Asyncio ORM(Object-relational mapping) for accessing, inserting, updating, deleting data within RBDMS tables using python

Instalation

$ python3 -m venv env

$ source my-project/bin/activate

Install with PIP

 (env)$ pip install aiopyql-db   

Download & install Library from Github:

(env)$ git clone https://github.com/codemation/aiopyql.git

Use install script to install the aiopyql into the activated environment libraries

(env)$ cd aiopyql; sudo ./install.py install

Compatable Databases - Currently

  • mysql
  • sqlite

Getting Started

DB connection

Sqlite3: Default

    from aiopyql import data

    db = data.Database(
        database="testdb"
        )

Mysql

    from aiopyql import data

    db = data.Database(
        database='mysql_database',
        user='mysqluser',
        password='my-secret-pw',
        host='localhost',
        type='mysql'
        )

Existing tables schemas within databases are loaded when database object is instantiated and ready for use immedielty.

Table Create

Requires List of at least 2 item tuples, max 3

('column_name', type, 'modifiers')

  • column_name - str - database column name exclusions apply
  • types: str, int, float, byte, bool, None # JSON dumpable dicts fall under str types
  • modifiers: NOT NULL, UNIQUE, AUTO_INCREMENT

Note Some differences may apply for column options i.e AUTOINCREMENT(sqlite) vs AUTO_INCREMENT(mysql) - See DB documentation for reference.

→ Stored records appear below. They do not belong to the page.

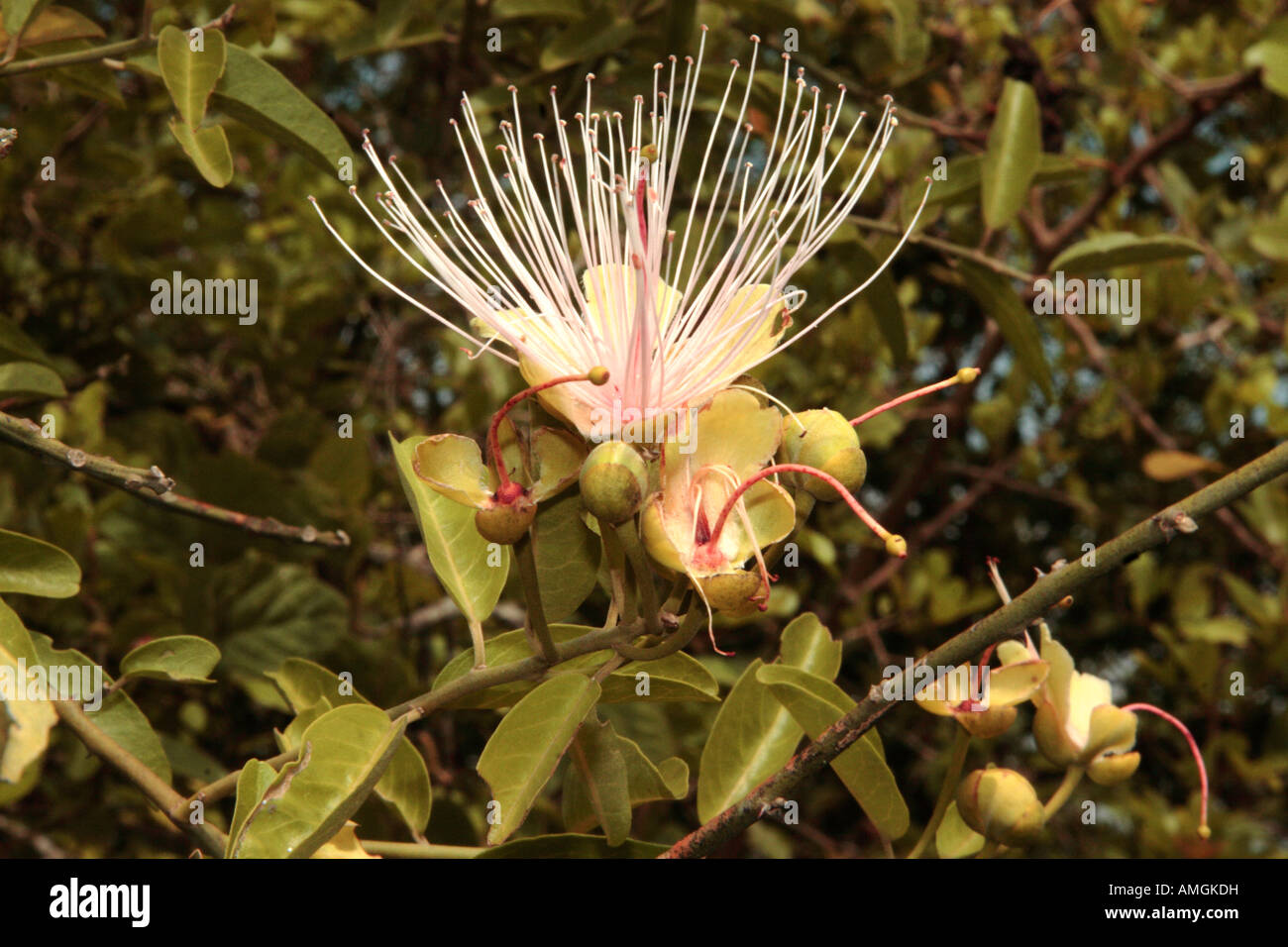 Caper Bush, Capparis tormentosa Stock Photo Alamy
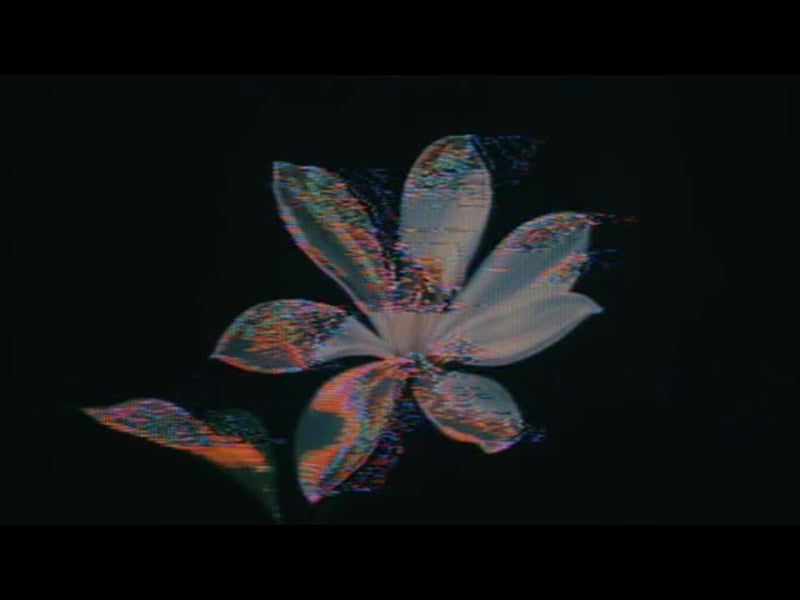 Crt Flowers 12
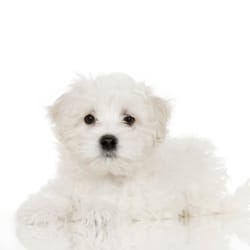 Sara's Little Dogs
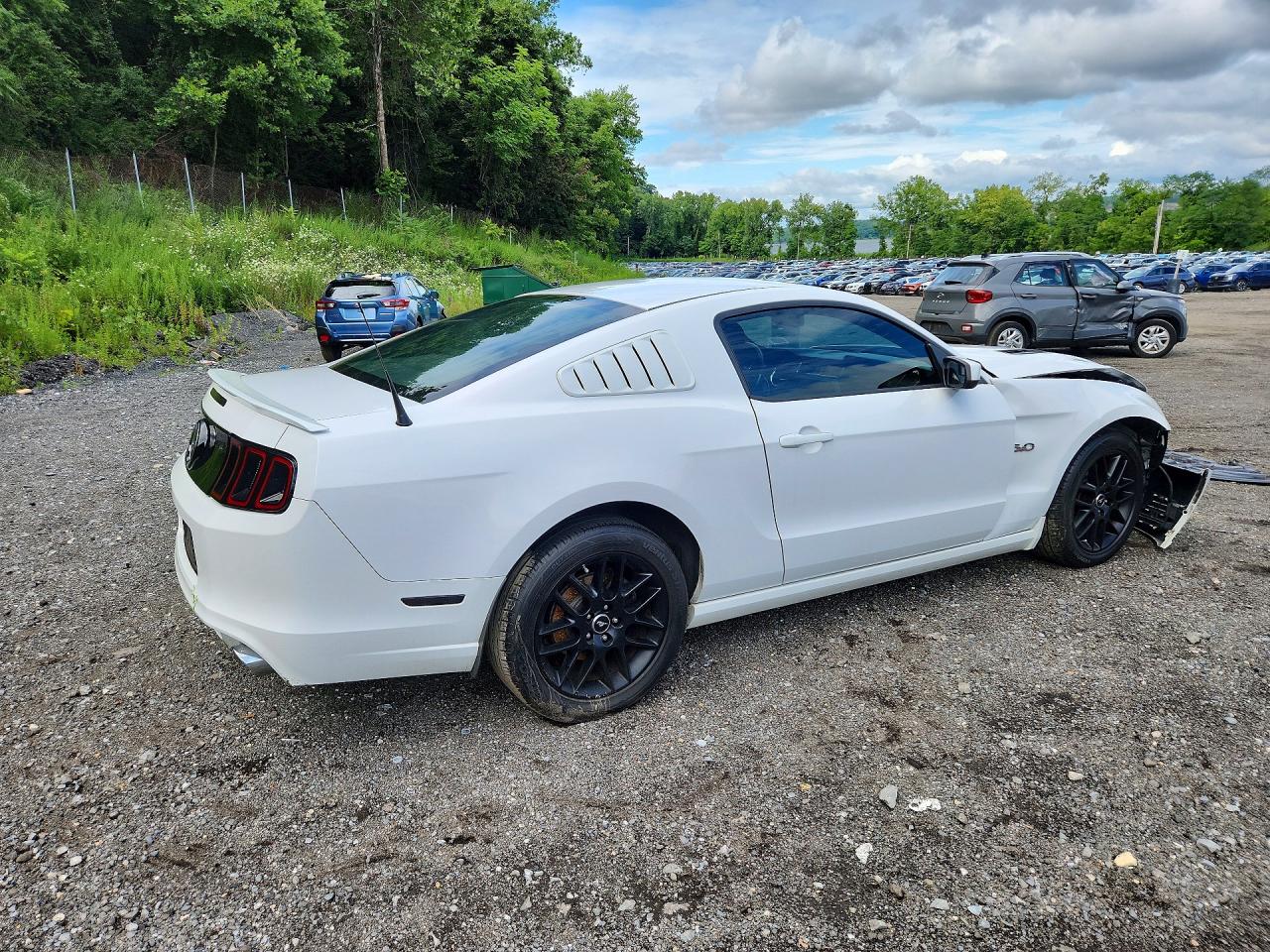 2014 Ford Mustang Gt White vin: 1ZVBP8CF9E5286294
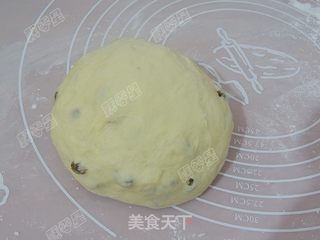 葡萄干小餐包的做法步骤:9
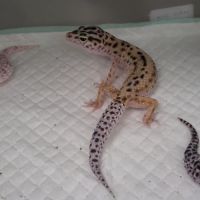 4 femelles gecko léopard adulte plus un mâle #0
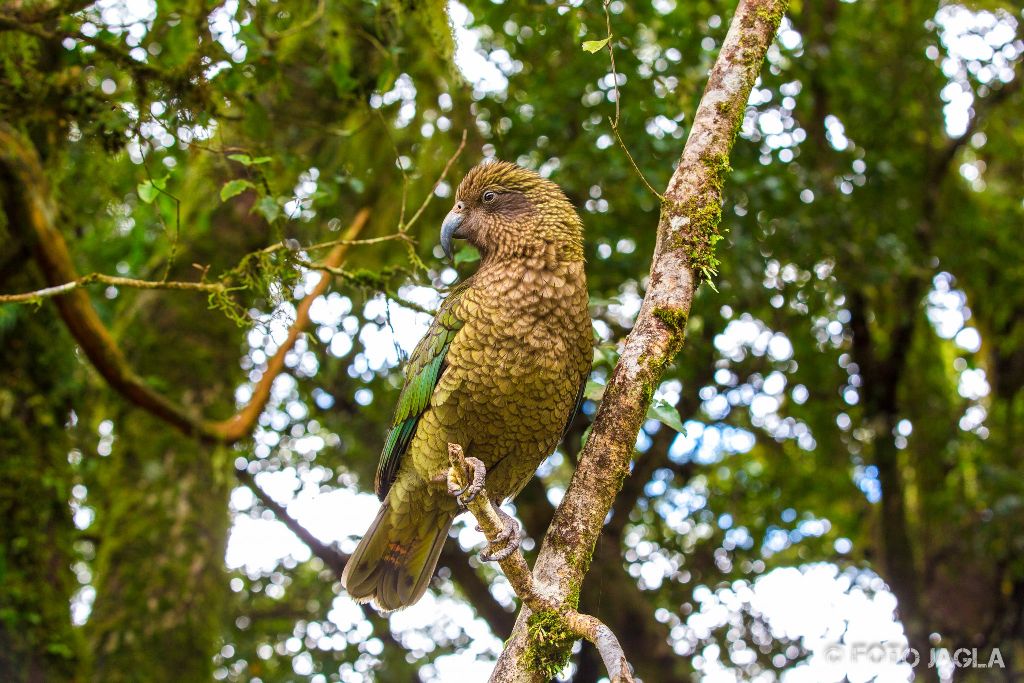 Ein Kea zwischen Te Anau und Milford Sound
Vorsicht vor den olivgr�nen Bergpapageien
Neuseeland (S�dinsel)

Note: Unique constraints are not validated by aiopyql but at db, so if modifier is supported it will be added when table is created.

# Table Create    
db.create_table(
    'stocks', 
    [    
        ('order_num', int, 'AUTO_INCREMENT'),
        ('date', str),
        ('trans', str),
        ('symbol', str),
        ('qty', float),
        ('price', str)
    ], 
    'order_num' # Primary Key 
)

mysql> describe stocks;
+-----------+---------+------+-----+---------+----------------+
| Field     | Type    | Null | Key | Default | Extra          |
+-----------+---------+------+-----+---------+----------------+
| order_num | int(11) | NO   | PRI | NULL    | auto_increment |
| date      | text    | YES  |     | NULL    |                |
| trans     | text    | YES  |     | NULL    |                |
| condition | text    | YES  |     | NULL    |                |
| symbol    | text    | YES  |     | NULL    |                |
| qty       | double  | YES  |     | NULL    |                |
| price     | text    | YES  |     | NULL    |                |
+-----------+---------+------+-----+---------+----------------+
6 rows in set (0.00 sec)

Creating Tables with Foreign Keys

db.create_table(
    'departments', 
    [    
        ('id', int, 'UNIQUE'),
        ('name', str)
    ], 
    'id' # Primary Key 
)

db.create_table(
    'positions', 
    [    
        ('id', int, 'UNIQUE'),
        ('name', str),
        ('department_id', int)
    ], 
    'id', # Primary Key
    foreign_keys={
        'department_id': {
            'table': 'departments', 
            'ref': 'id',
            'mods': 'ON UPDATE CASCADE ON DELETE CASCADE'
        }
    }
)

db.create_table(
    'employees', 
    [    
        ('id', int, 'UNIQUE'),
        ('name', str),
        ('position_id', int)
    ], 
    'id', # Primary Key
    foreign_keys={
        'position_id': {
            'table': 'positions', 
            'ref': 'id',
            'mods': 'ON UPDATE CASCADE ON DELETE CASCADE'
        }
    }
)

Insert Data

Requires key-value pairs - may be input using dict or the following

Un-packing

# Note order_num is not required as auto_increment was specified
trade = {'date': '2006-01-05', 'trans': 'BUY', 'symbol': 'RHAT', 'qty': 100.0, 'price': 35.14}
await db.tables['stocks'].insert(**trade)

query:
    INSERT INTO stocks (date, trans, symbol, qty, price) VALUES ("2006-01-05", "BUY", "RHAT", 100, 35.14)

In-Line

# Note order_num is not required as auto_increment was specified
await db.tables['stocks'].insert(
    date='2006-01-05', 
    trans='BUY',
    symbol='RHAT',
    qty=200.0,
    price=65.14
)

query:
    INSERT INTO stocks (date, trans, symbol, qty, price) VALUES ("2006-01-05", "BUY", "RHAT", 200, 65.14)

Inserting Special Data

  • Columns of type string can hold JSON dumpable python dictionaries as JSON strings and are automatically converted back into dicts when read.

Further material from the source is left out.